No writer is ever excited about the beginning of the story; its the foreplay of writing. But you have to get the reader in bed so put on some smell good, wear your best, and lie.
I began with the creation of the universe without a prologue, introduction or information dump. Beginning at the beginning is hard, but also rewarding.
Write the good part first. You know - the part that sounds really cool to you. It may be the beginning, the middle or the end. You'll know where it goes.
I don't really suffer this problem and always feel that what I start with will end up as the opening chapter, but I doubt this is the case for everyone. I suspect it's more common to just 'start'. Maybe what you write first will end up as the opening, maybe it won't. I don't think you're approaching things all that differently to others.
I think that a lot of writers start well before the beginning and then need to cut their story's head off, so your strategy may be just right.
Writers sometimes choose a starting point that is too early in time and end up with a couple of boring chapters before anything happens. Of course, you can start like that to set the scene, just keep it interesting. Modern works tend to start very near the first point of action, and as I said above many start in the middle of the action.
I'm the same way. I can launch into a story in the middle of an action, but not at the beginning when things weren't as chaotic. A woman waking up in the morning to prepare her cup of coffee doesn't have the same grasp of interest as woman running from flaming unicorns that spew fire because she took a sacred gem they held dearly.
Launching straight into the action is not a bad idea at all. You just have to juggle it with giving the reader a reason to care about the character right away. E.g. if you start in the middle of a battle, we need to be rooting for one side or the other to win. You could do that really easily without adding a couple of backstory chapters - maybe the main character is a 14 year old boy who didn't want to be caught up in this war and is terrified of dying. Instantly we feel sorry for him without knowing anything else.
Joe wakes up, brushes his teeth, goes to school, avoids his annoying little sister who's just started as a freshman, gets through two classes, avoids his little sister again, starts to trudge home, and THEN the aliens attack. The beginning may be the aliens, or the beginning may be establishing the little sister who will be his focus because has to rescue her from the aliens, but it's not brushing his teeth.
My beginnings can be sort of rough.

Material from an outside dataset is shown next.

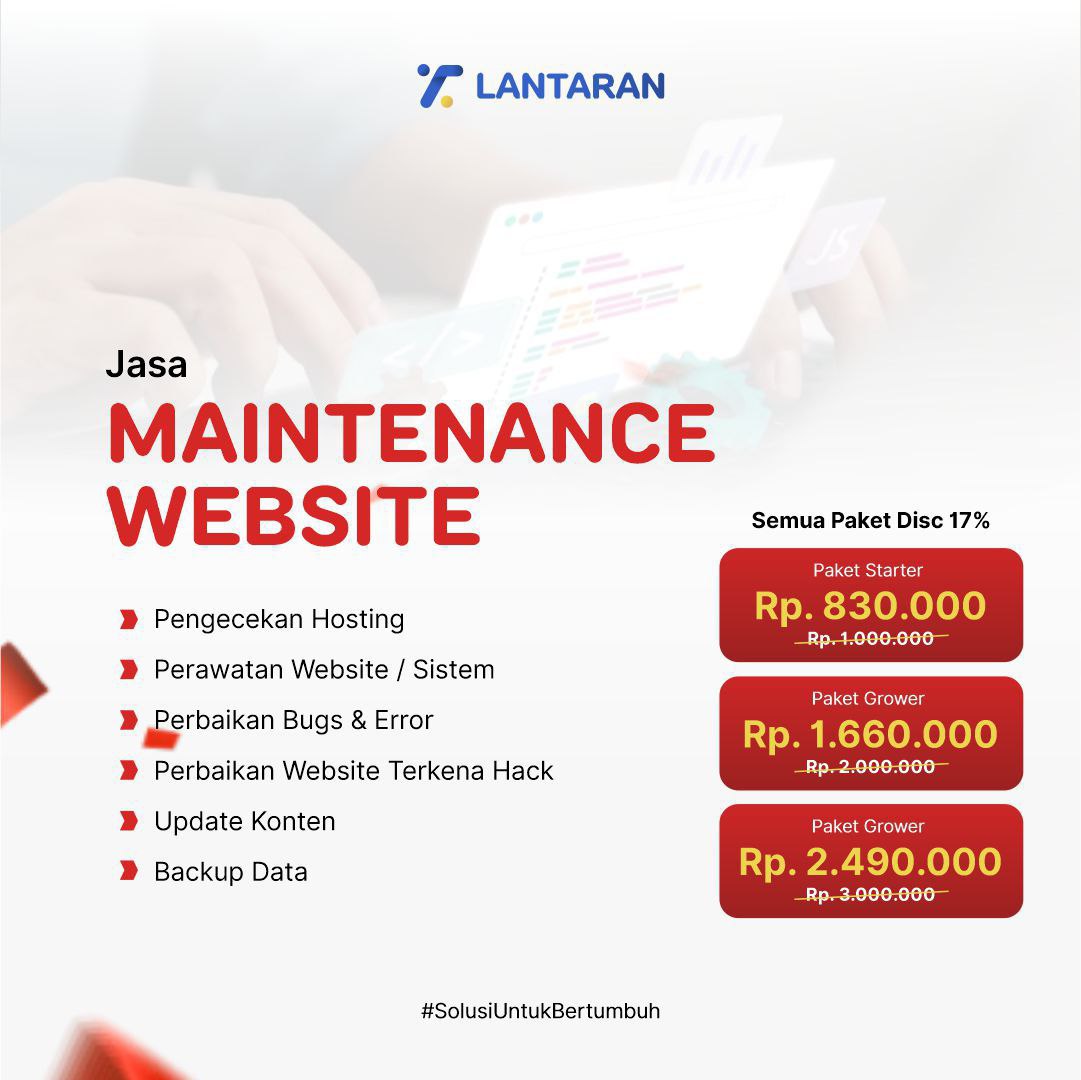 Promo Kemerdekaan - Jasa Maintenance Website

I like to launch into things but there's only been a few stories where I've really struggled to find a beginning. Usually I start the story where I want to begin writing. And my idea's themselves can have a natural starting point making the issue less difficult. For instance the novel I'm working on now is a weird psychological story about a man who is stuck in a futuristic prison in which no one gets paroled. The story has a natural start - he's put in prison. So I started the story with exposition about how he got to that particular prison, and then I started with a scene of him being transferred to the prison from a chain gang on a bus. I could've started in the jail but I wanted one scene of him outside of jail as slight contrast. The very last things he sees on the outside world. Usually I do the same thing with most of my stories I find a natural starting point where the characters are on the cusp of change and start there. Then I decide how far back I want to go before starting like for my novella Worms of Wicher-Woo - it's about a young orphan who is put in a walled garden to oversee a batch of worms that can create wonderful vases. I started with her being lowered into the garden because I wanted the garden to become the reader's world ( even though I could've started with the mc Tetty at an orphanage being chosen which would've also marked a change. ) Opening images can also play a lot in my decision as they can stir up an idea about the players. Or set a tone. My robot story starts with the robot interrupting his owners shower and kind of embarrassing him which is weird when you know the mc is a male stripper and the robot has seen him naked all kinds of times. The idea though was to start the story with the mc being irritated with being caught vulnerable which plays a part in the overall story. I wouldn't worry about it too much in the first draft though, I actually chopped three chapters off a story to find a good beginning.
Speak for yourself. I've been in love with all 5 or 6 (lost count) of the first chapters I've written for the novel I'm working on. As to the OP, maybe the middle actually is the best place to begin and you mistakenly think you need more backstory in the beginning than you actually do.
I agree! The beginnings are the easiest part for me and have always been. It's not until I get to around 10/15/20K that I encounter some problems. Then I might have to rewrite them after wards but I do find it easy to get started and going.
Its an accepted strategy in short story writing to start in the middle because they're already so short it's more economical to jump right into the story instead of bothering with the foreplay.
Just always begin, "It was a dark and stormy night..." It'll have to get better from there. . Seriously, though, as others have suggested I come back to the beginning and do ultimately spend an inordinate amount of time on those first sentences and paragraphs--but later, otherwise I get lost in the dark and stormy night.
I never start writing at the beginning. Ever. The first bits that come to me usually end up being Chapter 3/4-ish and they never serve the purpose they originally seemed to serve. The real fist paragraph of Chapter 1 comes to me later after I've warmed up to the story and the mist has settled a little. I don't think of it as trouble or a problem. It's just my writing process. Such is life for the nonlinear writer.